Wilderson (doctorant à l'Université de Duke, USA), Alice (post-doctorante au Centre d'Ecologie Fonctionnelle et Evolutive de Montpellier, France) et moi au Parc National des Volcans
Après un peu plus d’une heure de marche, nous parvenons à Karisoke, le camp de recherche établi par Dian Fossey en 1967, qu’elle baptise ainsi car il se situe entre les monts Karisimbi et Visoke (d’où la contraction Kari-soke). Sur place, il ne reste que des traces discrètes du camp, la plupart des matériaux de construction des bâtiments ayant été utilisés pendant le génocide qui a eu lieu au Rwanda en 1994. Le cimetière des gorilles quant à lui, est toujours intact. C’est là que Dian Fossey est enterrée, aux côtés de Digit, le mâle dominant (appelé dos d’argent, ou silver back en anglais) qu’elle affectionnait particulièrement, et qui a été tué en 1977 par des braconniers. C’est suite à cet évènement que Dian Fossey deviendra particulièrement active dans la protection des gorilles, créant par exemple le Digit Fund (qui perdure encore aujourd’hui sous la forme du Dian Fossey Gorilla Fund International), ayant même sur la fin de sa vie recours à des méthodes anti-braconnage extrêmes... Dian Fossey est retrouvée dans sa cabane à Karisoke le 26 décembre 1985, après avoir été assassinée dans des circonstances troubles.

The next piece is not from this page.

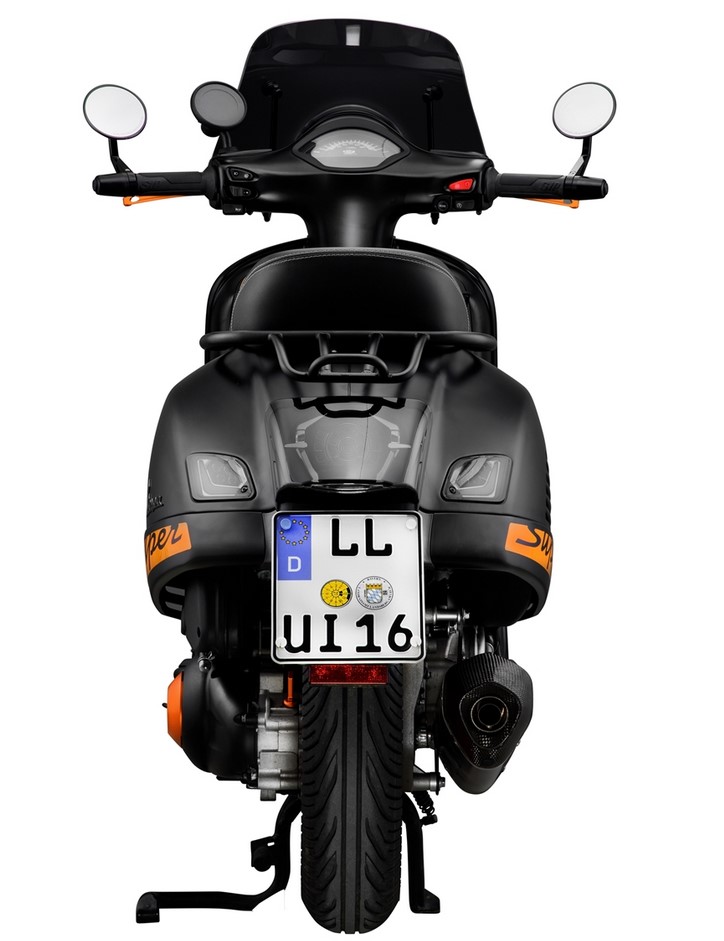 Piloto trasero MK II LED para Vespa GTS/GTS Super/GTV/GT 60 125-300cc (-'13), tintado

Dian Fossey est encore aujourd’hui une figure emblématique de la conservation, et si vous êtes curieux de son histoire (et peu enclins à la lecture !), je vous recommande le film « Gorillas in the mist » qui retrace son parcours.

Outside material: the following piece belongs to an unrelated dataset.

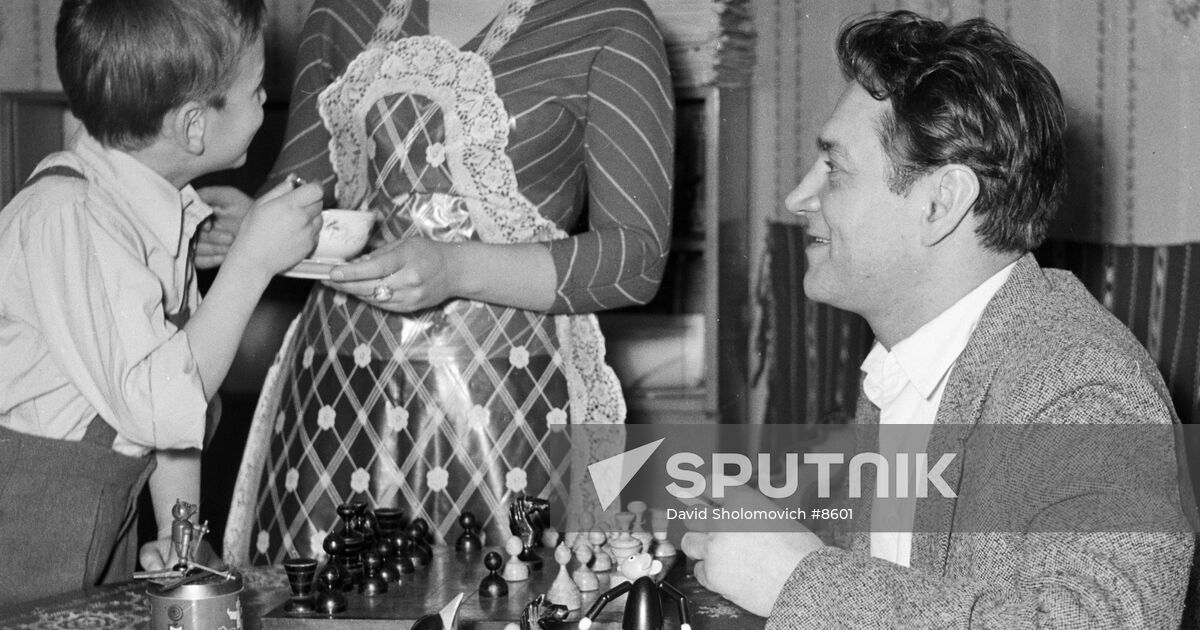 Actor Vladlen Davydov with wife Margaritta and son Andrey | Sputnik ...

La randonnée vers Karisoke, le centre de recherche de Dian Fossey; le cimetière des gorilles et la tombe de Dian Fossey aux côtés de Digit
Le Congrès International pour la Biologie de la Conservation m’a permis de présenter mes travaux de recherche et de rencontrer d’autres équipes à travers le monde, un évènement majeur dans ma vie de jeune chercheuse ! Cela a aussi été l’occasion de découvrir un pays incroyable, le Rwanda, et une infime part des merveilles dont il regorge…
C'est tout pour ce mois-ci, à bientôt pour un prochain post !
Crédits photos : Lucie Thel, Tom Pavey, Tommy Sandri, Wilderson Medina
Tu as vraiment bien fait de profiter de cette occasion pour échapper au froid de l'hiver, je suis envieux.
Je possède justement le film "Gorillas in the Mist" dans ma collection de Laserdiscs japonais, je préfère d'ailleurs le titre japonais qui parle d'amour : 愛は霧のかなたに. Je vais en profiter pour le regarder une seconde fois car je ne pense pas l'avoir revu depuis les années 90.
La végétation des lieux où vivait Dian Fossey est vraiment d'une grande beauté. À quoi correspond la plaque partiellement effacée que tu as prise en photo ?
Au plaisir de te lire une prochaine fois.